-- Dataset content follows --

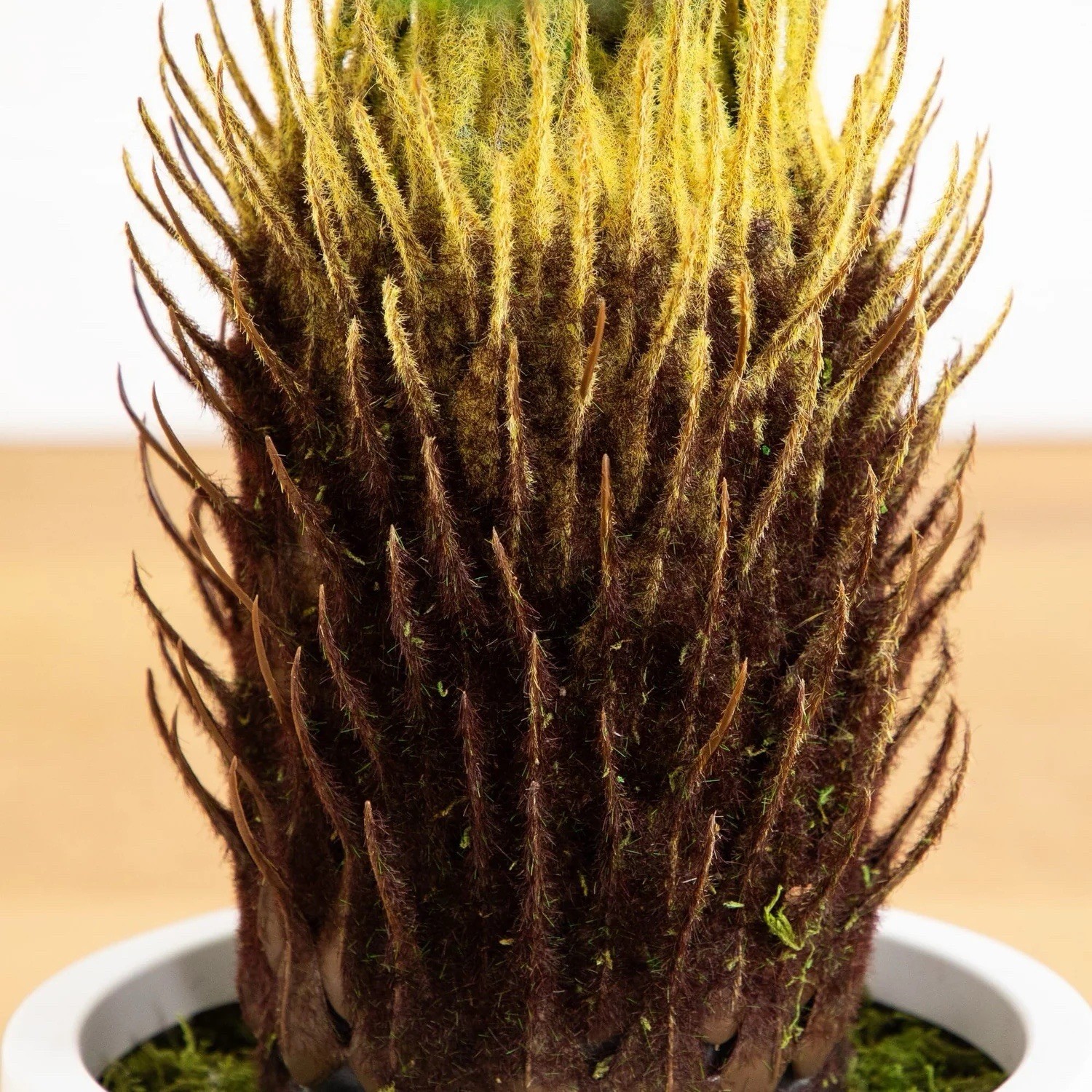 30″ UV Resistant Artificial Cycas Palm Tree in White Planter. Retail $134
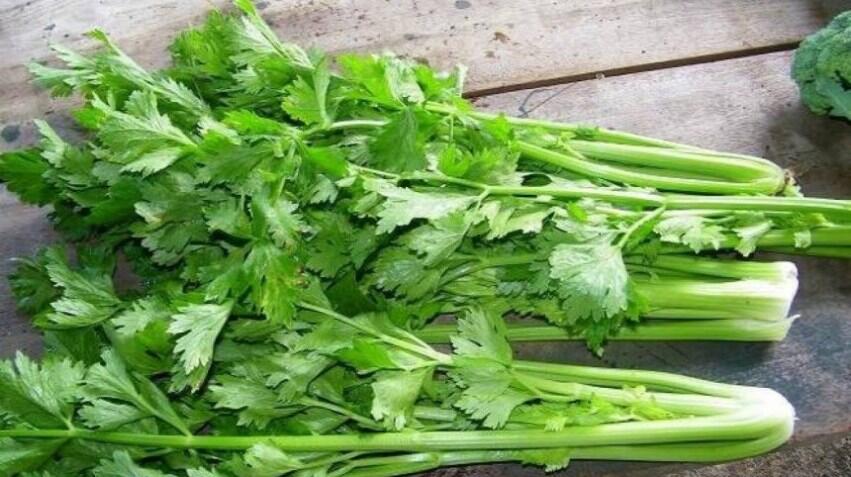 Jangan Simpan Buah atau Sayur Dalam Keadaan Basah di Kulkas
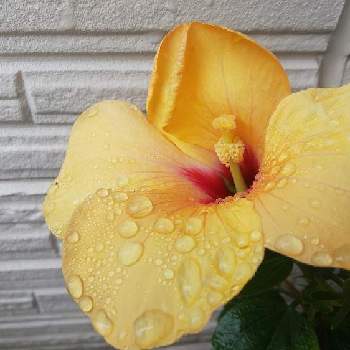 ハイビスカスの花の画像 by hiroさん | 玄関とハイビスカスの花と今日のハイビスカスと ハイビスカス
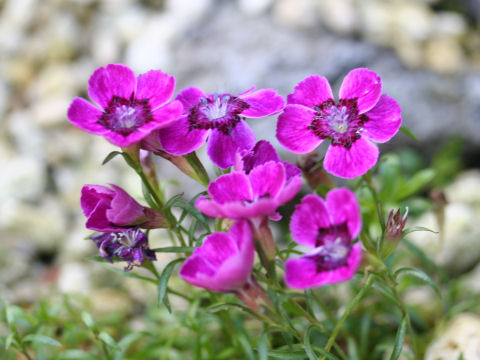 Dianthus alpinus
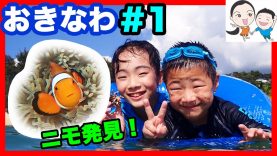 【沖縄の旅 #1】シュノーケルでニモ発見！ ベイビーチャンネル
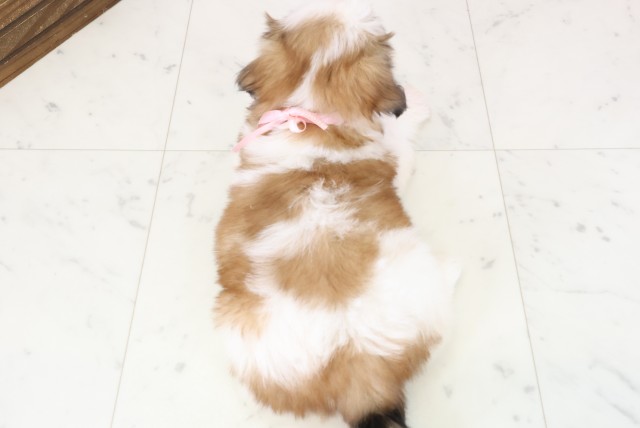 広島県のシーズー (Coo&RIKU広島北店/2025年11月30日生まれ/女の子/ゴールドホワイト)の子犬の4枚目の画像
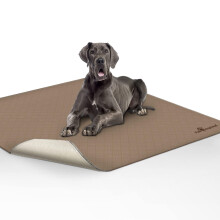 Paw genspireerd wasbaar plas pad voor honden | LEAKBROVEN NIET-SLIP HERUBUISTable Puppy Pad voor zindelijkheidstraining WHELPING Waterdichte mat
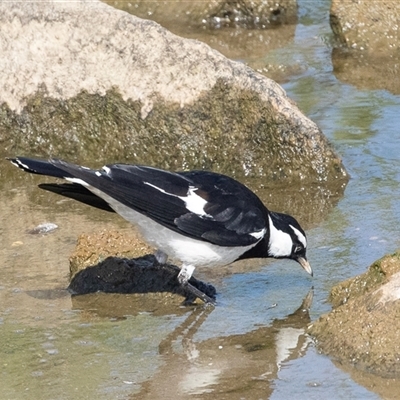 Grallina cyanoleuca (Magpie-lark) at Whitlam, ACT - 5 Nov 2024 by AlisonMilton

-- Dataset content concluded --

--- Assigned task ---
Return the lines of the data above in full and exactly, with no pictures.

--- Final answer ---
 30″ UV Resistant Artificial Cycas Palm Tree in White Planter. Retail $134
 Jangan Simpan Buah atau Sayur Dalam Keadaan Basah di Kulkas
 ハイビスカスの花の画像 by hiroさん | 玄関とハイビスカスの花と今日のハイビスカスと ハイビスカス
 Dianthus alpinus
 【沖縄の旅 #1】シュノーケルでニモ発見！ ベイビーチャンネル
 広島県のシーズー (Coo&RIKU広島北店/2025年11月30日生まれ/女の子/ゴールドホワイト)の子犬の4枚目の画像
 Paw genspireerd wasbaar plas pad voor honden | LEAKBROVEN NIET-SLIP HERUBUISTable Puppy Pad voor zindelijkheidstraining WHELPING Waterdichte mat
 Grallina cyanoleuca (Magpie-lark) at Whitlam, ACT - 5 Nov 2024 by AlisonMilton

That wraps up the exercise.